Segment_0_0_0 (second from the top in the table) refers to the left most child of the tree that sits in the third level. You can see if you look at the info tab (next column) what each one of these “0” are . E.G. at top level if DISEASE = COPD “|”(this means “and”)  INSURANCE=IKA and AGE is between  [17-59] (see below) this is segment_0_0_0.

Image:Segments' Info section

This segment had propensity to churn 0% (third column) but there was only 1 person with this combination (fourth column) which implies that the tree became too specific in that case. You can then go back to the tree (by pressing "Visualize" again) and see if this 0% propensity is verified or is close enough for the validation set and whether you had significantly more people sitting in that segment. The propensity to pay is also the score in the tree process.
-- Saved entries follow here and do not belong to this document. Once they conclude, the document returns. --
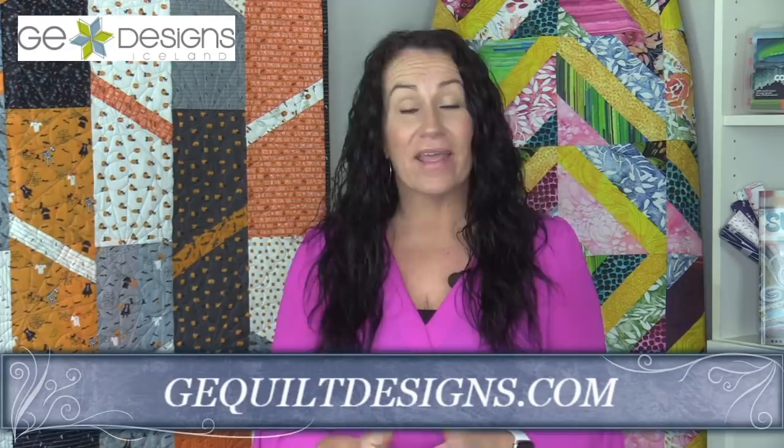You can find all four patterns in both paper versions and a PDF download, as well as the new ruler stickers in the Fruity Fiesta colorway on GEQuiltDesigns.com and at your local quilt shop.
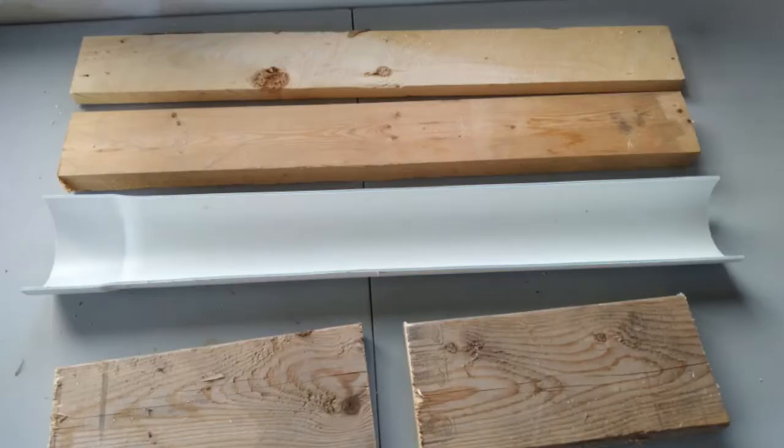Hi guys, welcome back to the channel. It's Kenesha, the Gardening Mama, here with you. Thanks for joining me today. I want to share with you how I made my DIY chicken feeder. This feeder is great for broiler chickens.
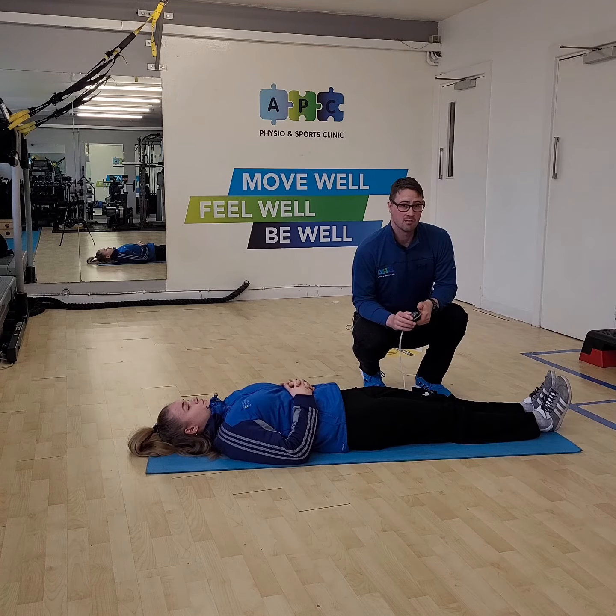If the readings aren't around the normative values, you have a little bit of strength work to do to build up and reduce your injury risk. And if there's a difference between both sides, you need to focus on the weaker side to get them both up to power.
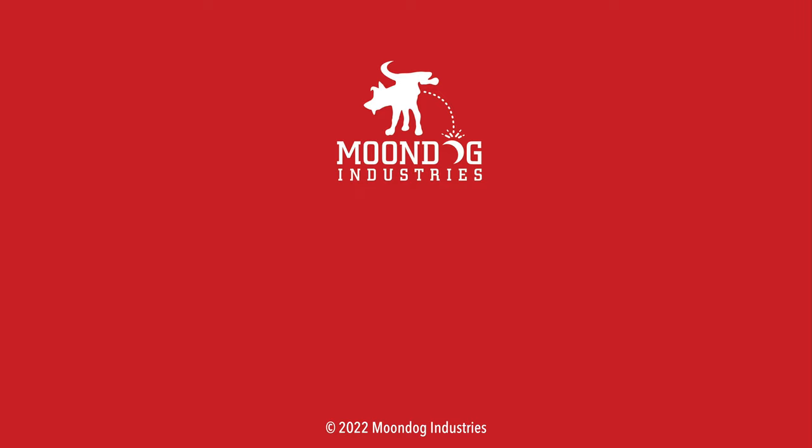If you enjoyed this video, please share it on forums, Facebook, Reddit, TikTok, Instagram, Twitter, MeWe — whatever social media you're on. And if you want to see all of my videos, check out moondogindustries.com.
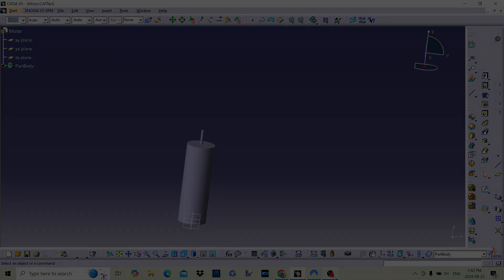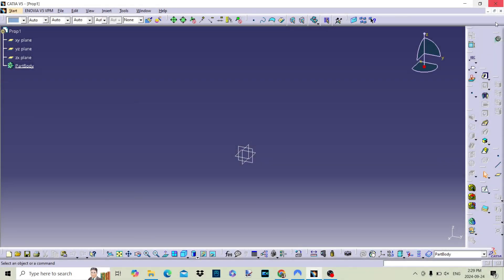That is the motor out of the way. A very simple model to be honest. With that done let's model the prop.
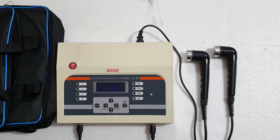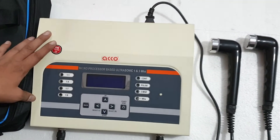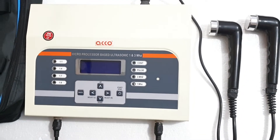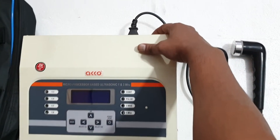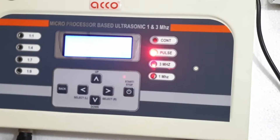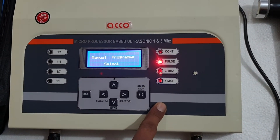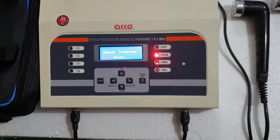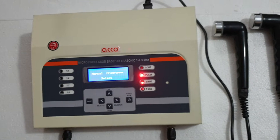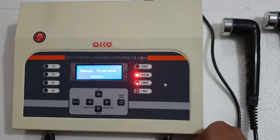Welcome to our channel ECHO Medical. Today we will show you the demo of ECHO microprocessor based ultrasound therapy machine, 1 and 3 megahertz. It has inbuilt programs. Switch on the machine and we will show you how these functions work. This machine comes with a carry bag, handle and wire, and one machine. Let's start the demo now.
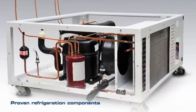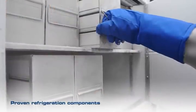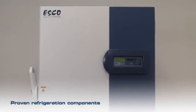Proven refrigeration components including high-performance compressors and oversized condenser provide a larger area for cooling. Condenser fans generate high airflow whilst achieving quiet operation.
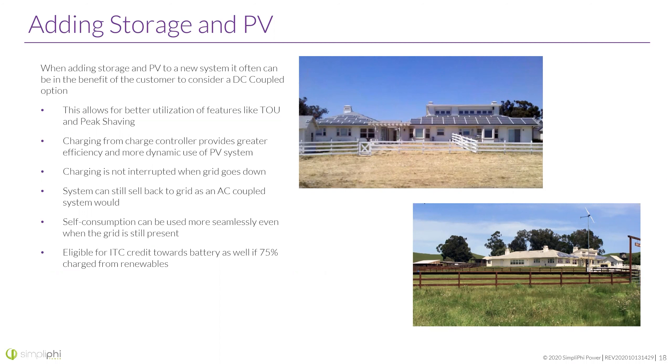Eligibility for the ITC credit towards the battery as well — this applies whether DC coupled or AC coupled, but it's a good point. If you're putting in solar and battery at the same time, the ITC can apply for both the battery and the solar, as long as 75% of the battery is charged from renewables. It's a huge benefit if a customer is considering batteries — you can get the system in with storage now and save a lot of money by getting the ITC applied to the entire thing.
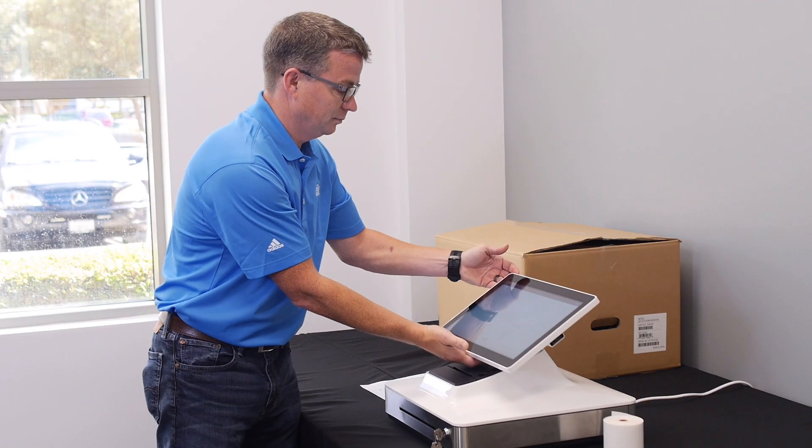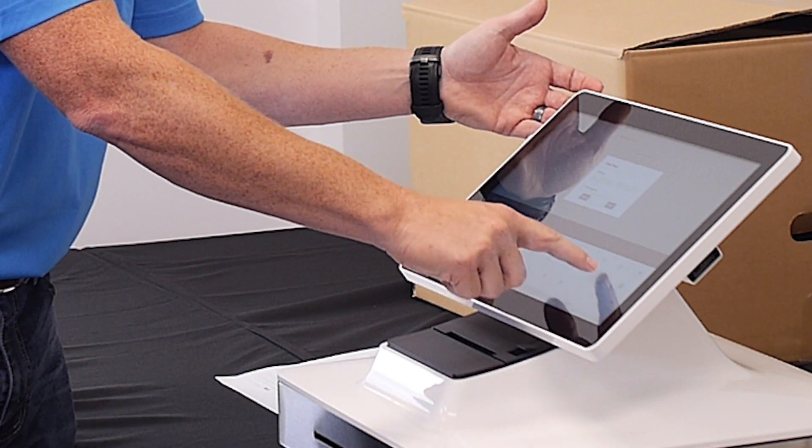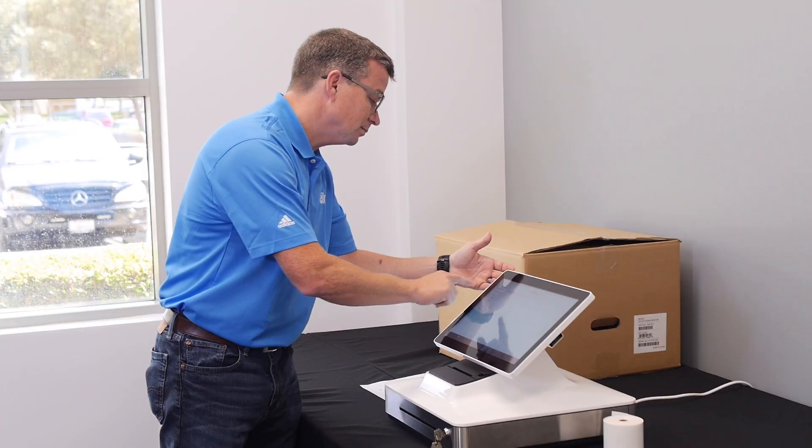For iOS, connect to the proper Wi-Fi network through your iPad's Wi-Fi settings. If your device comes with the Android operating system, then you will set up the Wi-Fi through the ELO View control panel.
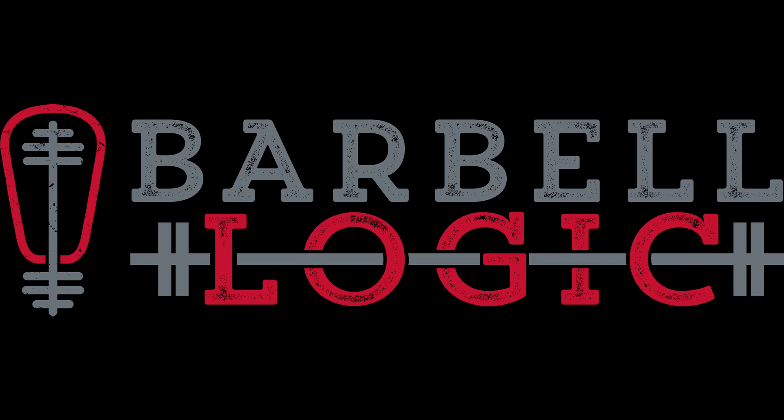Welcome everyone to the Barbell Logic Military Series. I'm your host Nikki Sims, along with host Matt Reynolds. The views expressed in this series do not necessarily represent those of the Department of Defense or the United States government.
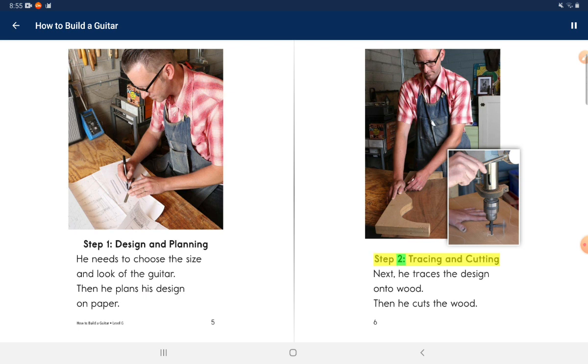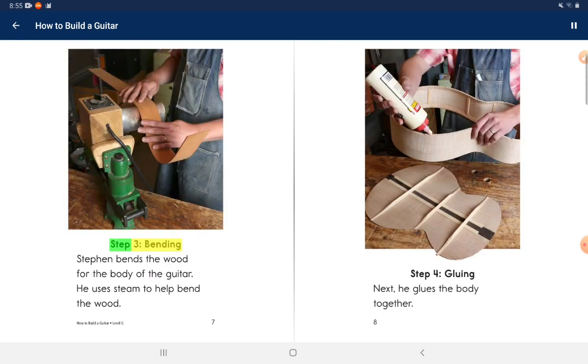Step 2: Tracing and cutting. Next, he traces the design onto wood. Then he cuts the wood.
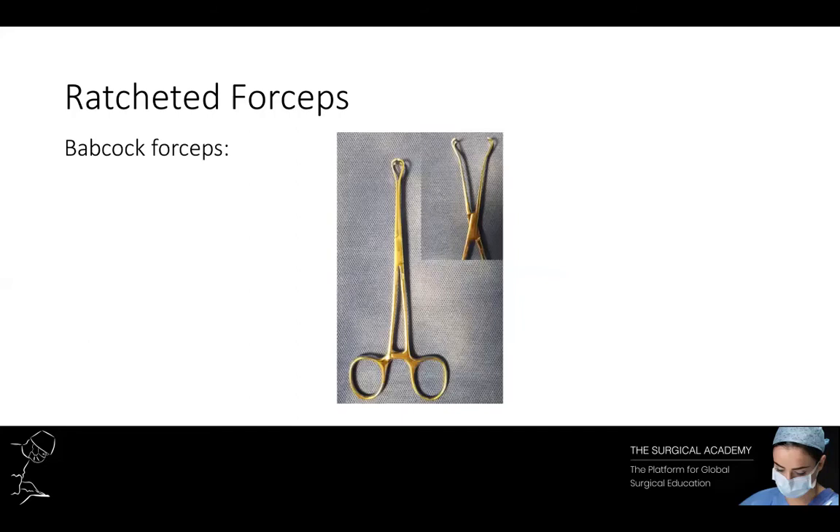Here we can see Babcock forceps. These are jawed instruments with a smooth end. This allows for more delicate structures to be handled without causing trauma. You would use Babcock forceps when dealing with bowel.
The Left panel, similarly with the Scorecard, shows in which segment each one of the observations (data rows) sits, displays their info and their propensity to pay (Predicted_Value) as the latter appears in the right panel for each segment.

The middle panel is exactly the same as in the scorecard output; the only difference here is that instead of scores you have the propensity to pay. You may export the results with the button “Export” that is located and the end of the middle panel. Then you can attach it to your main set via preprocess and Manipulation.

Generally, in terms of modeling, my tree was not a very good one as the differences between training and validation set were very substantial. This happened because the set is rather small.  Some actions to consider is to increase the minimum split able node size (where we changed the value to 30), decrease the number of bins (e.g from 3 to 2), decrease the number of levels and if the situation has not changed then re-sample (e.g. create new partition variable).

That is the end of tutorial 5. Tutorial 6 will show you how to use cross tabulation and how to create new variables with the M language. This tutorial can be considered as an extra and it is only if you want to dive deeper into kazAnova world, otherwise you have everything you need and feel confident to create your own models and save your business from the economic recession or just have some fun.